Onderschrijft U de conclusie van het onderzoek van de bureaus Scoop in
Middelburg en Sardes in Utrecht dat kinderen van laagopgeleide ouders op het
platteland slechter presteren op de basisschool dan hun medeleerlingen
elders in het land?
2.
Deelt U de mening van Uw partijgenote mw. Verburg: "We moeten af van de
dominantie van de grote steden.
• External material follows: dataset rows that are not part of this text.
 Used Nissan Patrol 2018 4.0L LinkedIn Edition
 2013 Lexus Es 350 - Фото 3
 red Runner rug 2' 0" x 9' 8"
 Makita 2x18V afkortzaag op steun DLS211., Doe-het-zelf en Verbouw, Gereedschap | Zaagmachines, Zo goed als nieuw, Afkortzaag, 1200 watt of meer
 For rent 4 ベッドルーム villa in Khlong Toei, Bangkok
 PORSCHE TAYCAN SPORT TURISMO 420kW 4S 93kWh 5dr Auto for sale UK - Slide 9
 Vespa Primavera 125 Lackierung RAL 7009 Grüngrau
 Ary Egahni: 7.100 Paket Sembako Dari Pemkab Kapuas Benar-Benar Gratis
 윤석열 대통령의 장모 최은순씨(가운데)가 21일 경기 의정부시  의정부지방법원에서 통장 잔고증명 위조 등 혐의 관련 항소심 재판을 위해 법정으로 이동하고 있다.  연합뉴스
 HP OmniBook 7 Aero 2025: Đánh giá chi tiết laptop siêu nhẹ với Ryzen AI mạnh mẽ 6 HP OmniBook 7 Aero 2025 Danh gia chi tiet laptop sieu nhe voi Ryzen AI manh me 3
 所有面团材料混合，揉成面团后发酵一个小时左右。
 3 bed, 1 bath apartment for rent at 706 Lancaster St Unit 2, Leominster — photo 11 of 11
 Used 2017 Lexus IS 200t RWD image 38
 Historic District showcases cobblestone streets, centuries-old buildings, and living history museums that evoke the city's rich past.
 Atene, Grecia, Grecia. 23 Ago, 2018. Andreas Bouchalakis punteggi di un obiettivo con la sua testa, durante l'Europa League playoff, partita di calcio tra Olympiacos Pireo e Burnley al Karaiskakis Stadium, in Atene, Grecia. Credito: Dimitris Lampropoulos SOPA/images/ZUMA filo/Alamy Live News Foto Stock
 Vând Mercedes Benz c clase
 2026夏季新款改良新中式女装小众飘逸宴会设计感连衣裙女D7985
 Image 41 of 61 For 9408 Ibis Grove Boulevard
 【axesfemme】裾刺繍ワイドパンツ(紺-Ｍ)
Het platteland is minstens gelijkwaardig.
Dat is een kenmerklend verschil tussen het oude en het nieuwe kabinet."? Zo
ja, op welke wijze gaat U daaraan dan binnen het onderwijsbeleid vorm geven?
3.
Deelt U onze mening dat het gegeven dat kinderen in het Noorden vooral
achterblijven in de vaardigheid van begrijpend lezen, hun onderwijskansen
ernstig beperkt?
4.
Acht U het mede ten behoeve van de regionale economie van het Noorden
wenselijk dat de oorzaken van deze achterstanden worden weggewerkt?
5.
Welke mogelijkheden ziet U om basisscholen in het Noorden, waarbij overigens
met de kwaliteit niet zoveel mis is, meer erop te richten dat scholen hun
leerlingen beter gaan motiveren om verder te leren?
6.
Welke mogelijkheden ziet U om het probleem van de grotere spreiding van
scholen te ondervangen die leerlingen ertoe dwingt om verder te reizen en
een opleiding te kiezen die geen recht doet aan hun capaciteiten?
7.
Welke mogelijkheden ziet U om verandering te brengen in het verschijnsel dat
onderwijsinstellingen in dunbevolkte gebieden niet in aanmerking komen voor
gelden ten behoeve van achterstandsleerlingen, omdat deze instellingen de
norm niet halen?
8.
Op welke termijn kunnen wij U beoordelen op Uw daden in dezen?